# Work item
Pictures in the entries below are excluded; copy only the lines from the one containing "Astragalus Freckle Cream" to the one containing "A picture speaks a...", both included.

# Task material
^^^^^^^^^^^^^^^^

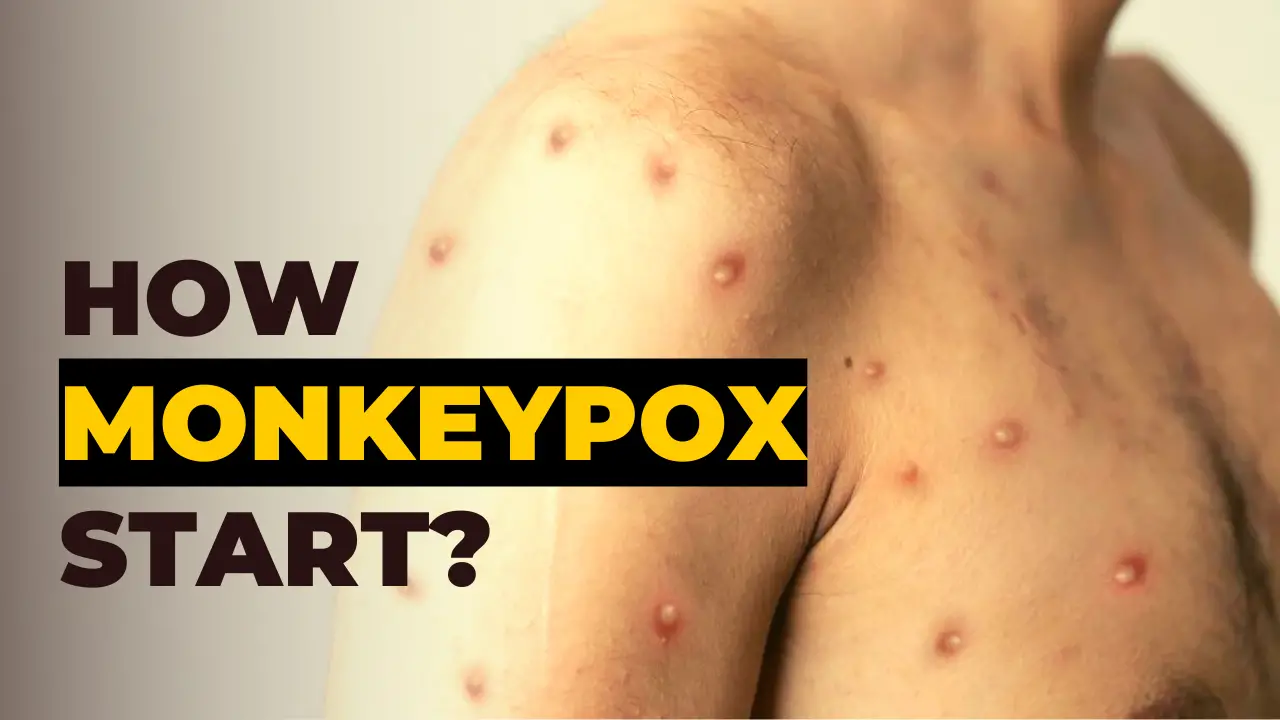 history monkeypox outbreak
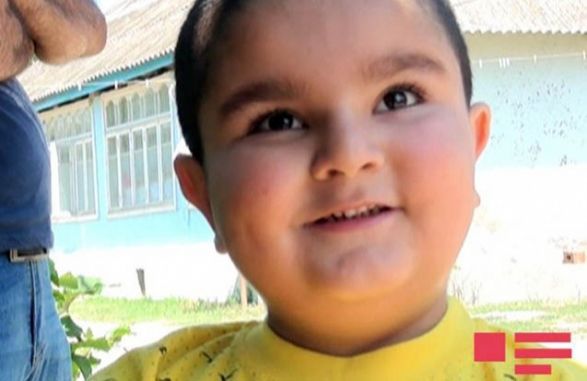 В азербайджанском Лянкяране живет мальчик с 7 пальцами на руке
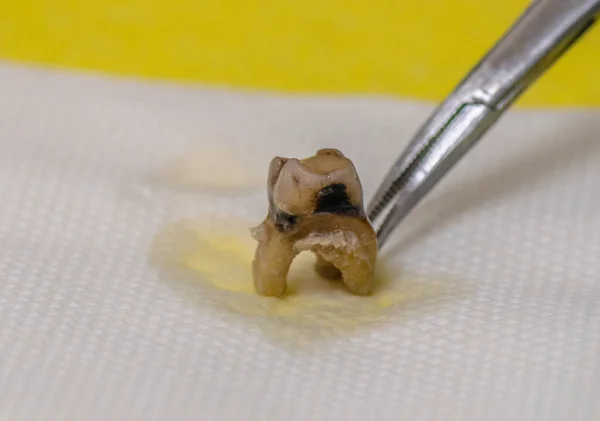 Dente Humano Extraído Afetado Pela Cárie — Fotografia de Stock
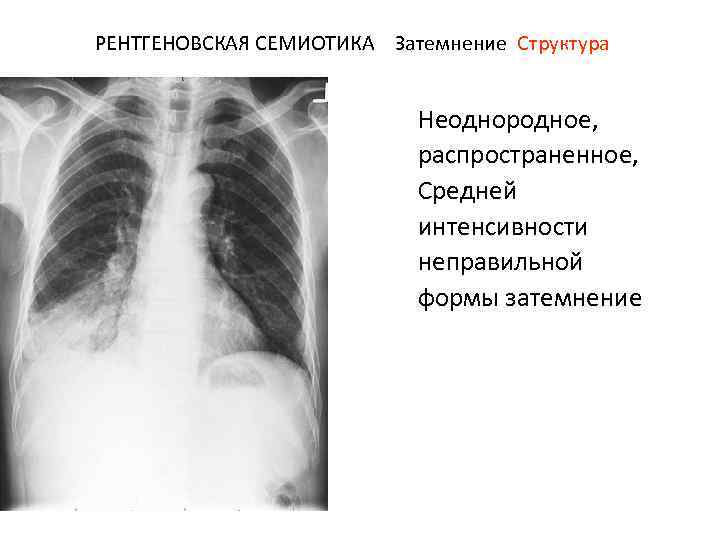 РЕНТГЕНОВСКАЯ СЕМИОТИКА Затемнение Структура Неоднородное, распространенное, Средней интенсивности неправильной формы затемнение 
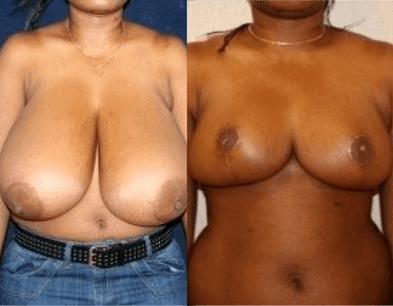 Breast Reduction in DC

^^^^^^^^^^^^^^^^

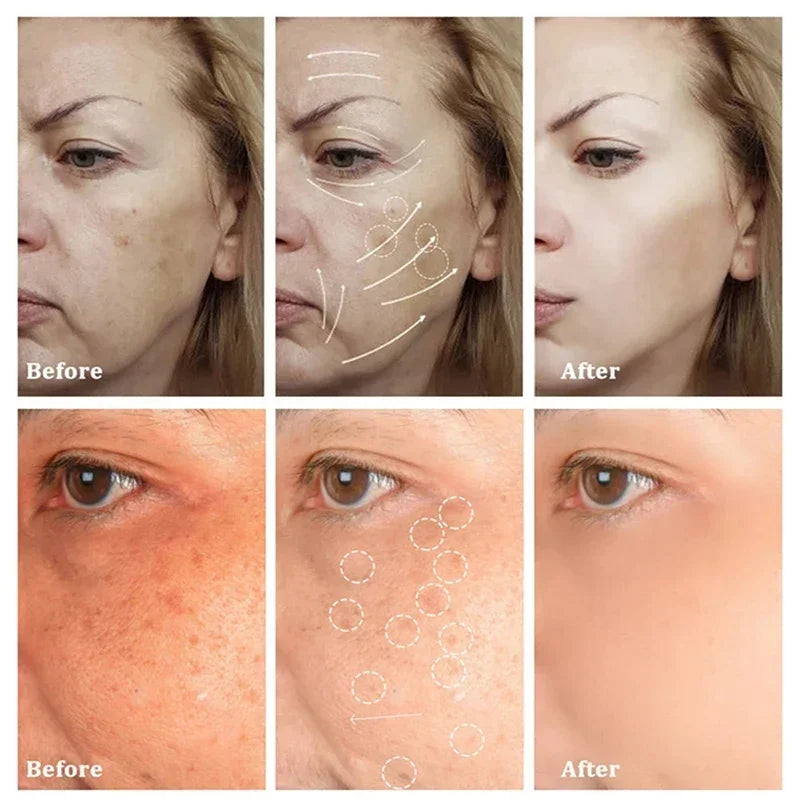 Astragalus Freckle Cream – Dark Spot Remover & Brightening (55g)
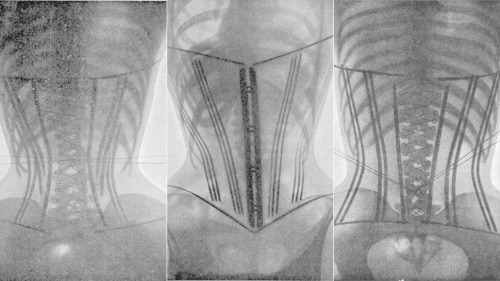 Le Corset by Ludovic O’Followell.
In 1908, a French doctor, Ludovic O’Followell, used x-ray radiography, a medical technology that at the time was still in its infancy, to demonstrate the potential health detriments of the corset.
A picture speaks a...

^^^^^^^^^^^^^^^^

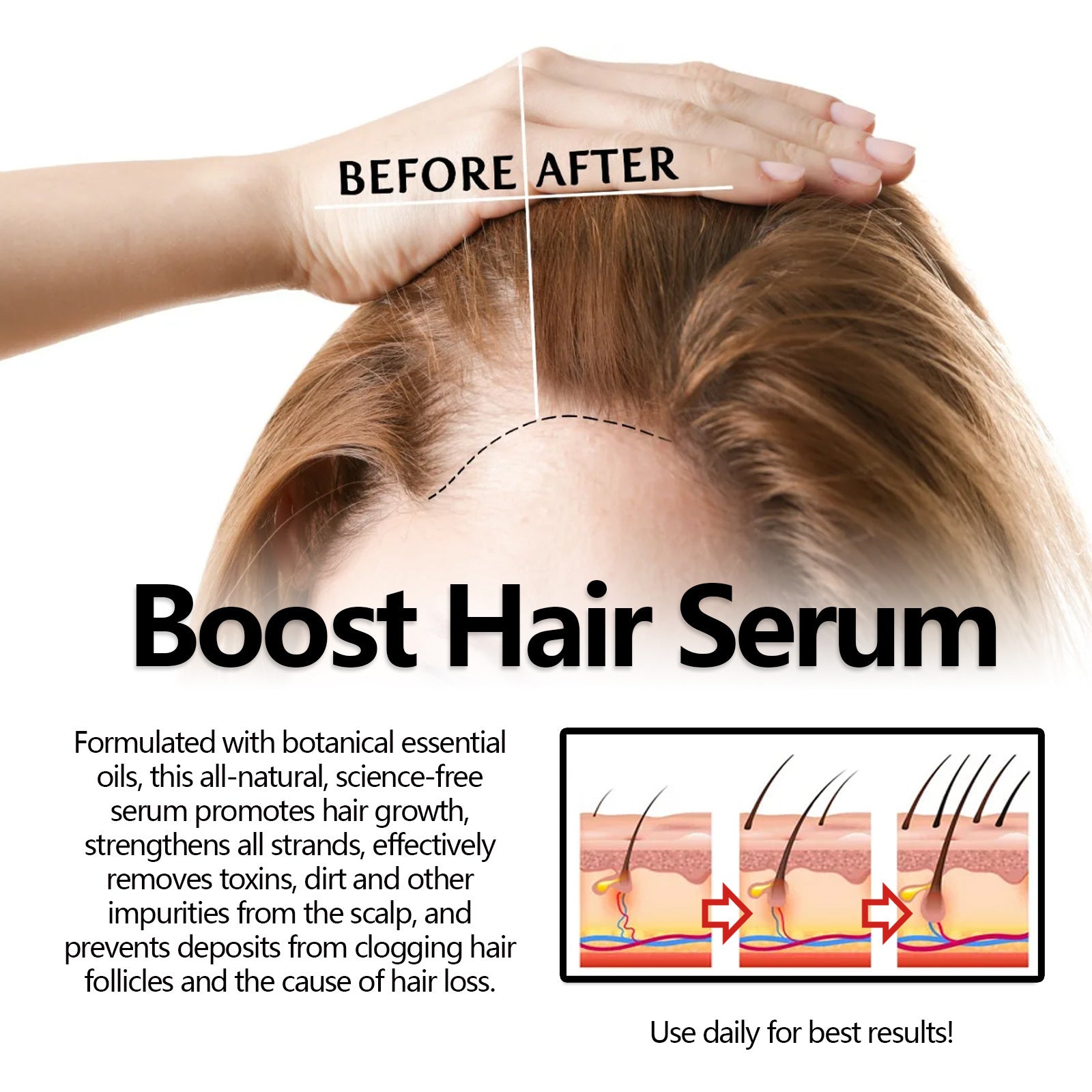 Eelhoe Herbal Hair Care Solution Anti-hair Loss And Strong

^^^^^^^^^^^^^^^^

# Solution
 Astragalus Freckle Cream – Dark Spot Remover & Brightening (55g)
 Le Corset by Ludovic O’Followell.
In 1908, a French doctor, Ludovic O’Followell, used x-ray radiography, a medical technology that at the time was still in its infancy, to demonstrate the potential health detriments of the corset.
A picture speaks a...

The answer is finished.